Duke's planned 630-megwatt plant would replace an aging traditional coal-fired plant at Edwardsport about 50 miles southwest of Bloomington that generates about 130 megawatts.
It would use new technologies to turn high-sulfur coal extracted from the region's mines into a gas and also generate electric power using combustion and steam turbines.
The gasification process, which involves crushing coal and adding water to it to form a slurry that's then heated to extract the gas, includes equipment to remove nitrogen oxide and sulfur dioxide as well as mercury emissions.
Duke Energy spokeswoman Angeline Protogere said the utility, which serves more than 700,000 customers in central and southern Indiana, examined renewable energy sources but found that a coal gasification plant would best meet its future energy needs.

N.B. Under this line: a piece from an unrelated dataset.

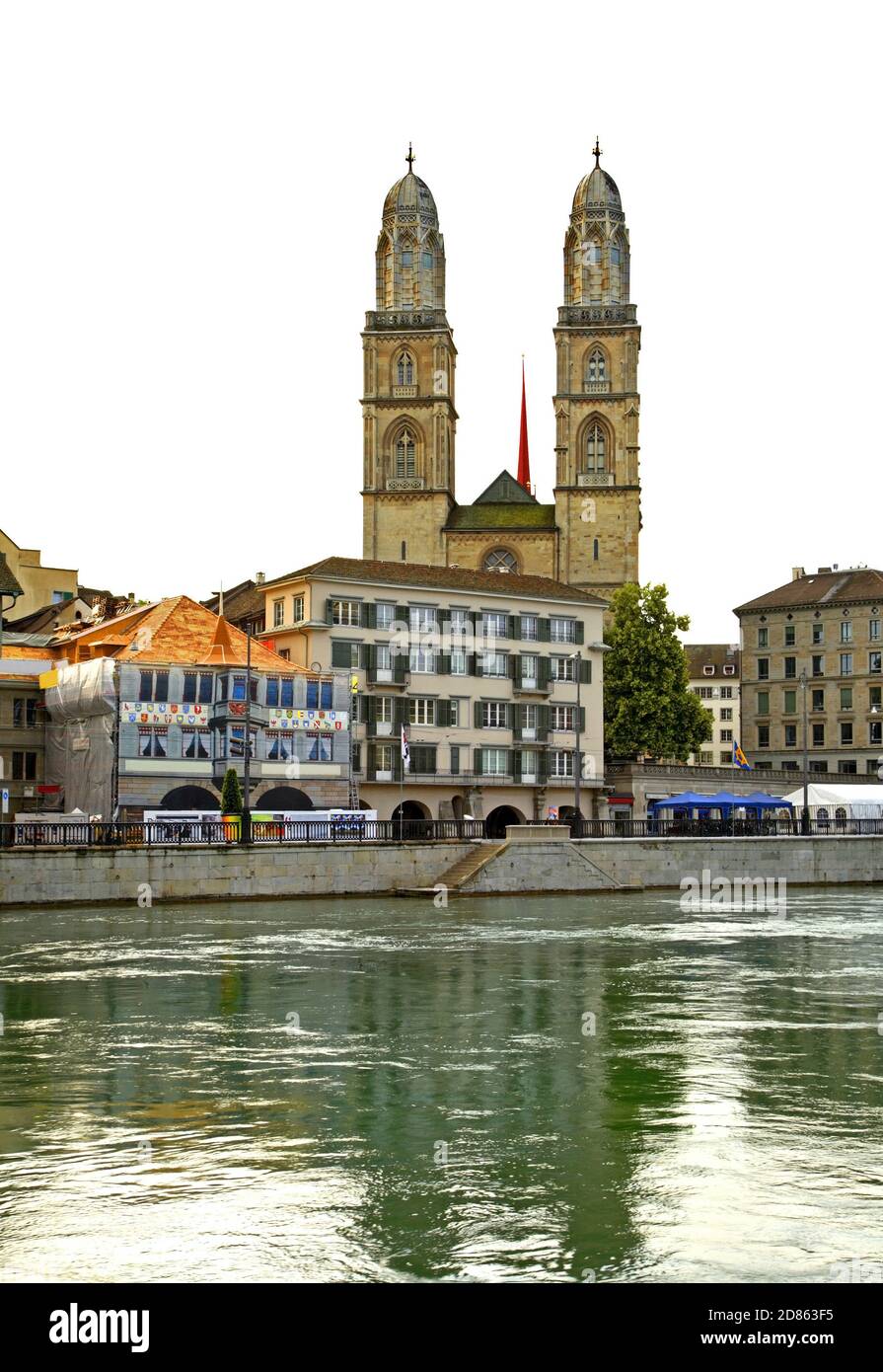 Embankment of Limmat river in Zurich. Switzerland Stock Photo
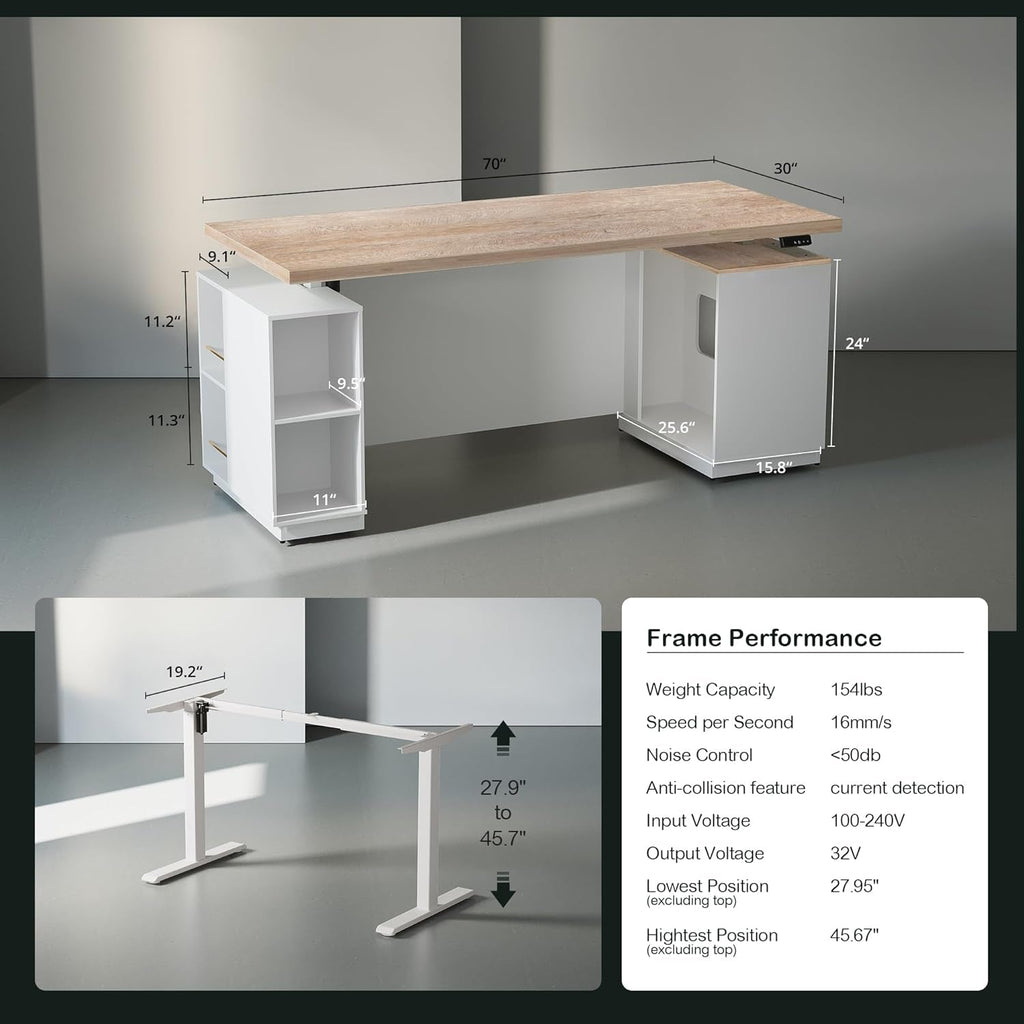 71 Inch L Shaped Standing Desk With USB Walnut Finish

"This was the best option and the most economic option. There are no cheap energy options," she said.
Menzer said the company should have investigated renewable energy sources, particularly wind power, that would be less costly and release little or no pollution but still meet future energy demands. The plant's opponents said it will release significantly more carbon dioxide, a greenhouse gas, than the older plant.
Once Duke Energy passes along the project's costs to its customers, Menzer said, they can expect to see an eventual rate increase of between 15 percent and 20 percent.
Protogere said the plant's cost is projected to be about $1.98 billion. She said the utility expects that the project to boost its rates about 16 percent, pending regulators' approval, through phased-in increases that would peak around 2012.
She said the rate increase could rise above 16 percent, however, if the utility installs equipment to remove about 20 percent of the plant's carbon dioxide emissions and is allowed to pass those costs onto its customers.
Protogere said Duke hopes to receive commission approval for the plant -- and obtain an air permit from the Indiana Department of Environmental Management for the project -- by year's end.
The coal gasification plant was originally proposed as a joint venture between Duke Energy and Vectren Corp., but Vectren announced Aug. 1 that it was dropping out of the project.